The third group is the real working state of the parser. This where results that will be part of the Ast are accumulated. This third group is very important since it is the core of what the parser is building.

  • errors is the list of errors as the parser progresses. Most well-behaved parsers attempt to continue parsing in various error scenarios and Zig’s parser is no different. The Zig parser will accumulate errors in this field and attempt to continue parsing.
  • nodes is the list of AST nodes. This starts empty and is slowly built up as the parser continues. Understanding the structure of an AST node is extremely important and is covered in the next section.
  • extra_data is a list of additional information that an AST node may need. For example, for a struct, extra_data contains the full list of all the struct members. This is again an example of data-oriented design; an alternate approach would be to put the extra data directly on a Node, but this makes the overall parser slower since it forces each Node to be much larger.
  • scratch is temporary work space shared by the parser, usually to build up information for nodes or extra data. This is deallocated once the parser is done working.

Anatomy of an AST Node

The result of a parse is a list of AST nodes. Note that the AST itself is still a tree, but the result returned by the parser contains the list of the nodes in the tree since that is how a tree is represented in-memory.

The AST node structures can be confusing because there is a lot of indirection on top of the data itself being stored in a MultiArrayList. I recommend re-reading this section repeatedly to ensure you understand the structure of an AST node. While learning the internals of the Zig compiler, a lack of a complete understanding of this data pattern caused a lot of issues, because this pattern is reused in every subsequent stage of the compiler.

The AST structures can be found in lib/std/zig/Ast.zig. The primary structure is Node:

pub const Node = struct {
    tag: Tag,
    main_token: TokenIndex,
    data: Data,

    pub const Data = struct {
        lhs: Index,
        rhs: Index,
    };

    pub const Index = u32;
};

Note that the parser itself stores nodes in a NodeList, which is a MultiArrayList(Node), meaning it is the Node structure with each field stored in a separate contiguous block of memory. Conceptually, you can think of nodes as single structs as shown above, but concretely, the fields are split when used.

The node tag is an enum of possible AST node types. For example, fn_decl for a function declaration, integer_literal for a literal integer, builtin_call for calling a builtin such as @enumToInt.

The main_token field isn’t extremely important to understand right now.
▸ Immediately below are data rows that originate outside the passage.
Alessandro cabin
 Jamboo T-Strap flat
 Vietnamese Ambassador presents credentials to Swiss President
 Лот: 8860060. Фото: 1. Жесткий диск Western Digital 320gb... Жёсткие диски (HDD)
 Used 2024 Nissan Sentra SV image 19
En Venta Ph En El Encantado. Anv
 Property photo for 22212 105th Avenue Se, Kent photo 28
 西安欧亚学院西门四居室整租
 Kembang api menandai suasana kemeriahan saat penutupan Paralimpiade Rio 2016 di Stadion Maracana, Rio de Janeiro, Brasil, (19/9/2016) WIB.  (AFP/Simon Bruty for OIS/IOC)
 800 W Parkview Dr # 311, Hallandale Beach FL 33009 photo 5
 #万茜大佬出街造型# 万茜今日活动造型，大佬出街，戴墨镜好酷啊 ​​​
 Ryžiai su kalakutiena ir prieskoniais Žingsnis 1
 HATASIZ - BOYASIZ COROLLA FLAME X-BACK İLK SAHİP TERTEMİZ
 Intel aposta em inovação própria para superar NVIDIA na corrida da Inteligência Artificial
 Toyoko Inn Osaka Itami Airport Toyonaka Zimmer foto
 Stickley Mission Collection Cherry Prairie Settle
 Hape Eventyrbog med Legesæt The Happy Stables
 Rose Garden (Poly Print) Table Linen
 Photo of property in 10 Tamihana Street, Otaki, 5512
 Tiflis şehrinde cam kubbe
It is the main token associated with the AST node. For example for a function declaration it might be fn. The value is an index into the list of tokens used to build the AST.

The data field is extremely important. This contains the information associated with an AST node. For example, a function declaration (.tag == .fn_decl) uses data to store the function prototype along with the function body. The data field is covered in detail in the next section.

AST Node Data

A key part of any AST node is data associated with it. For example, a function declaration has a function name, a parameter list, a return type, body, etc. Looking at the Node structure, it isn’t immediately clear where this information might be.

This is an extremely important detail to understand before we can dive into how the parser works. And for those who want to know how the entire compiler pipeline works, this is a particularly critical detail since the AST uses a pattern that is reused throughout the compilation pipeline for other intermediary forms.

Let’s look at how the AST for a function declaration would be structured for the given Zig code:

fn add(a: u8, b: u8) callconv(.C) u8 {
	return a + b;
}

Function Declaration

The root AST node for the function declaration has a tag of fn_decl.

For a fn_decl, the data field lhs stores an index to the function prototype (name, type information, etc.) and the rhs field stores an index to the function body. The only way you’d know this is reading the comments above the .fn_decl tag or reading the source or both.

The index values in lhs and rhs in this case are the array indices for the Node in the NodeList. So you’d find the function prototype in tree.nodes[lhs] (pseudo-code, not strictly correct).

So in this case, both fields of data are used to store NodeList indices. This is one usage of data and how information about an AST node is stored. Next, let’s look at the function prototype to determine how we’d determine the parameter list, return type, and calling convention.

Function Prototype

We can get the function prototype by reading the node at tree.nodes[lhs]. This node will have a tag of fn_proto in this case. This type of AST node stores information about the parameter, calling convention, return type, etc.

This particular AST node type uses lhs and rhs differently. The rhs field is used in the way same way as the function declaration and points to an index in the NodeList for the return type expression (since Zig supports various expressions for a comptime-computed return type in addition to direct type identifiers).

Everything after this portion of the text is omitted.